Chemistry Professor Liliya Yatsunyk Receives Henry Dreyfus Teacher-Scholar Award
Associate Professor of Chemistry Liliya Yatsunyk is the recipient of a 2016 Henry Dreyfus Teacher-Scholar Award. The award, given by the Camille and Henry Dreyfus Foundation, recognizes undergraduate faculty in the chemical sciences who have distinguished themselves in both research and education. Award recipients are given an unrestricted $60,000 grant for their research.
Yatsunyk joined the faculty of Swarthmore’s chemistry department in 2007 and currently teaches inorganic chemistry and instructs two introductory chemistry labs. Her research focuses on design and synthesis of telomerase-inhibiting antitumor drugs. She has supervised 28 Swarthmore students in her lab, nine of which are current students from three different class years. This summer, Yatsunyk and four of her students traveled to Louisville, Ky., to visit and present their research results at the James Graham Brown Cancer Center.
“The right balance of teaching and research is what brought me to Swarthmore and is essential to my career goals,” says Yatsunyk. “I am happy and proud of being a recipient of this award, which will allow my laboratory to continue and expand our research program and will allow my students to enrich their Swarthmore education.”
Yatsunyk received her Ph.D. in chemistry from the University of Arizona and completed her postdoctoral fellowship at Northwestern University.

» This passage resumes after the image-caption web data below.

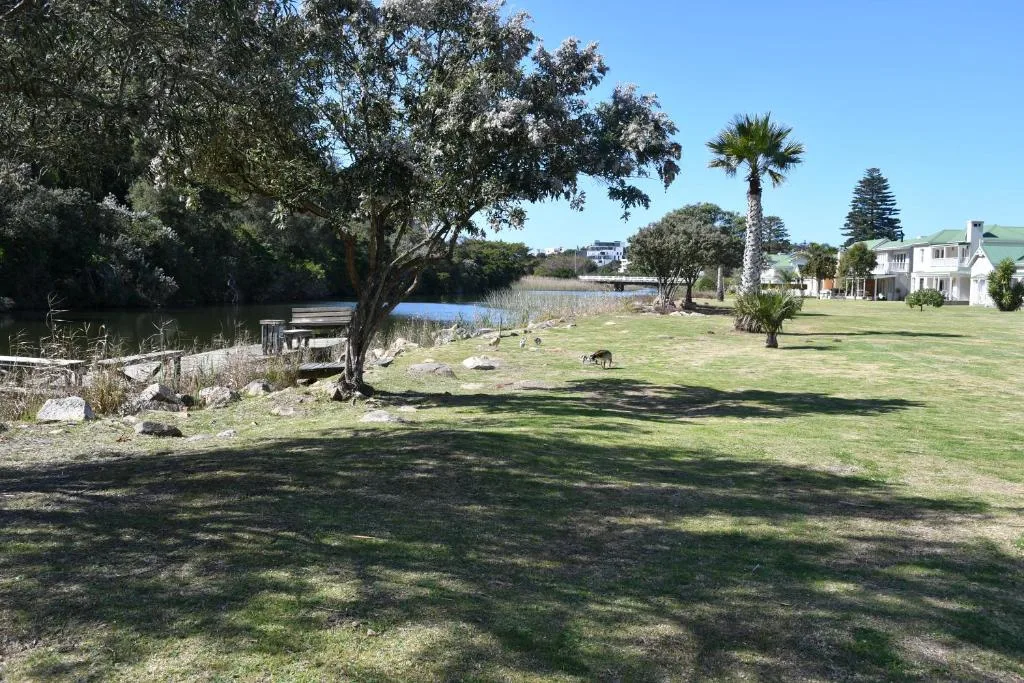 Lagoon view with manicured gardens, palm trees, and white house in background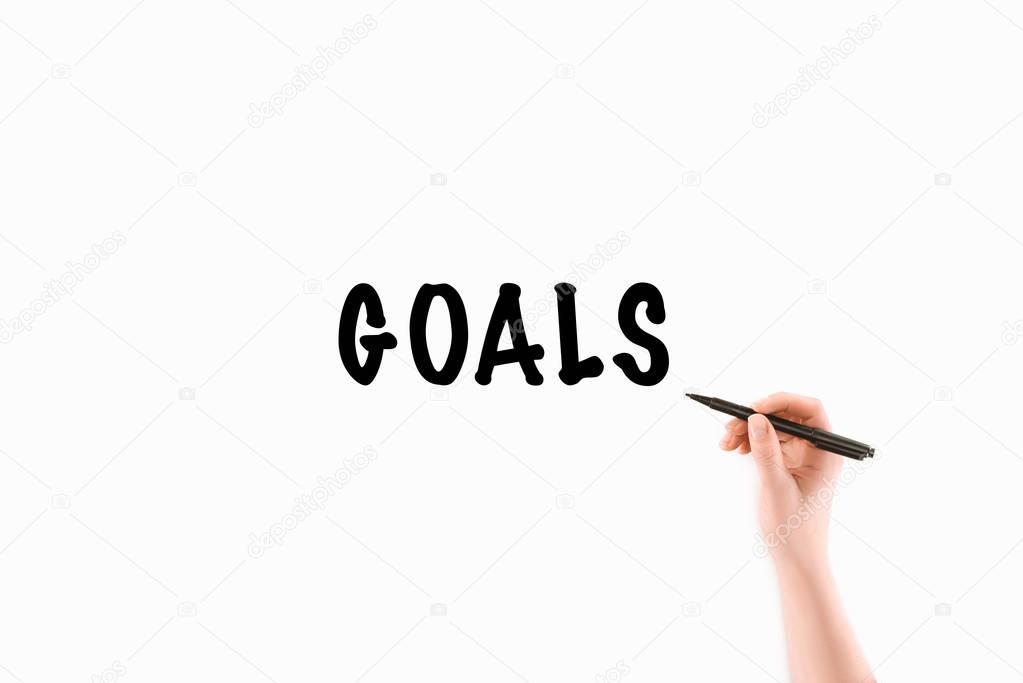 cropped image of woman writing goals inscription isolated on white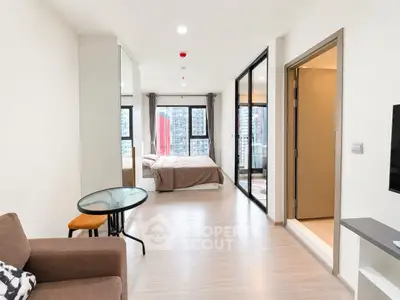 Modern open-plan apartment with bedroom and living area, featuring large windows and stylish decor.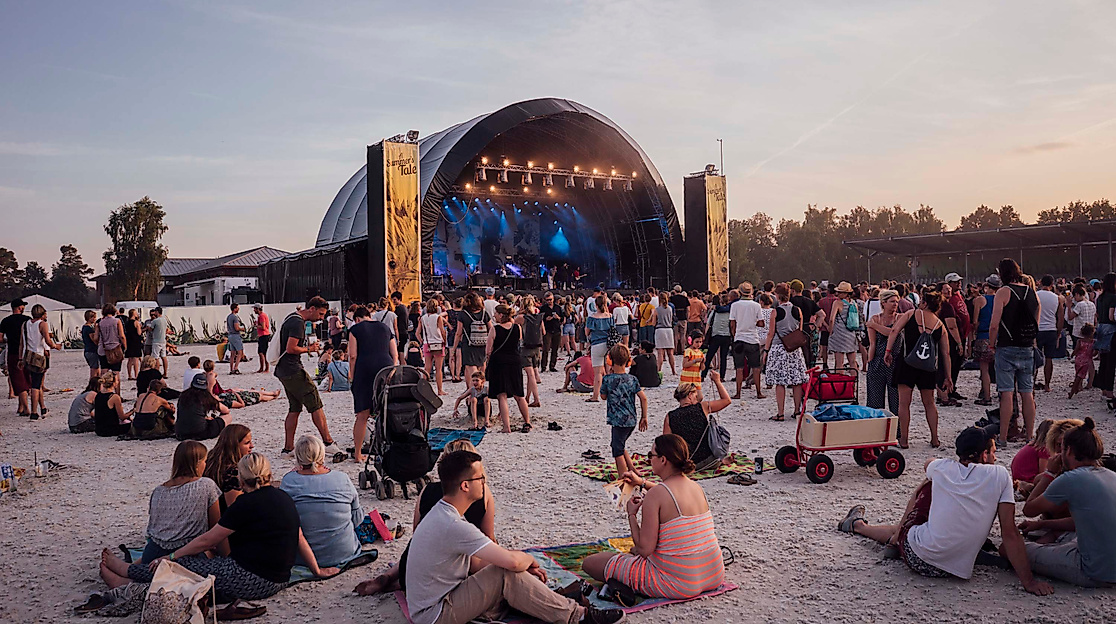 Publikum sitzt entspannt vor Open-Air-Bühne im Abendlicht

She is a member of Sigma Xi, the American Chemical Society, and the Society of Porphyrins and Phthalocyanines, and is a reviewer for many scientific journals. She has been a contributor to 38 scientific articles.

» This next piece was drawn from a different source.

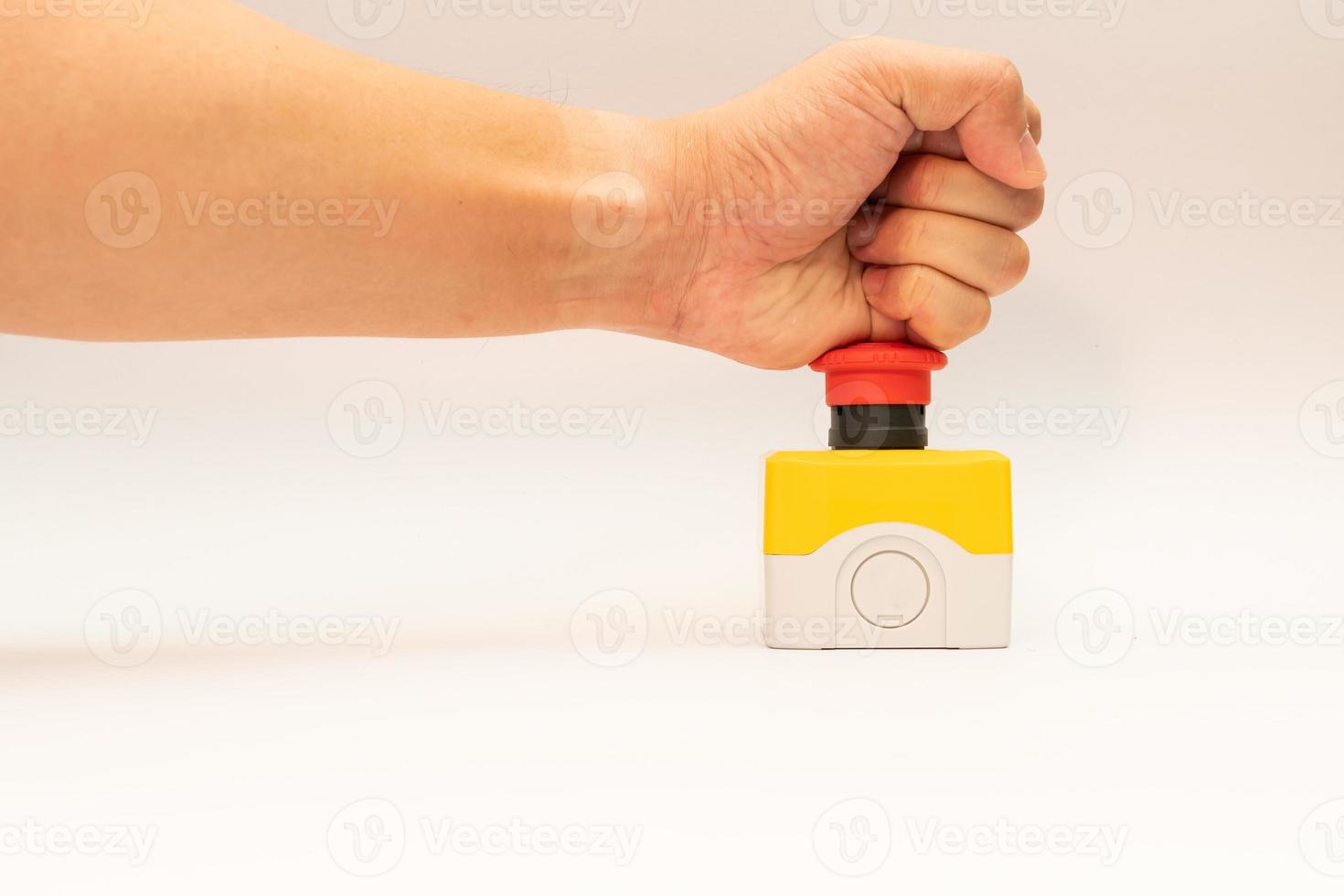 fermare il pulsante rosso e la mano del lavoratore che sta per premerlo. pulsante di arresto di emergenza. grande pulsante rosso di emergenza o pulsante di arresto per la pressione manuale. foto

Five other Swarthmore faculty members have received the Henry Dreyfus Teacher-Scholar award, most recently chemistry and biochemistry professors Stephen Miller (2011), Kathleen Howard (2005), and Paul Rablen (2003).
Mark Cardillo, executive director of the Camille and Henry Dreyfus Foundation, says that “research support at undergraduate institutions is very important,” citing the fact that a large proportion of doctorate holders in chemistry received their bachelor’s degree from an undergraduate institution. He also states that “research is a fundamental part of chemistry education.”
The foundation, established in 1946, is devoted to "[advancing] the science of chemistry, chemical engineering and related sciences as a means of improving human relations and circumstances throughout the world." It funds a variety of awards dedicated to supporting chemistry education, particularly in undergraduate institutions such as Swarthmore.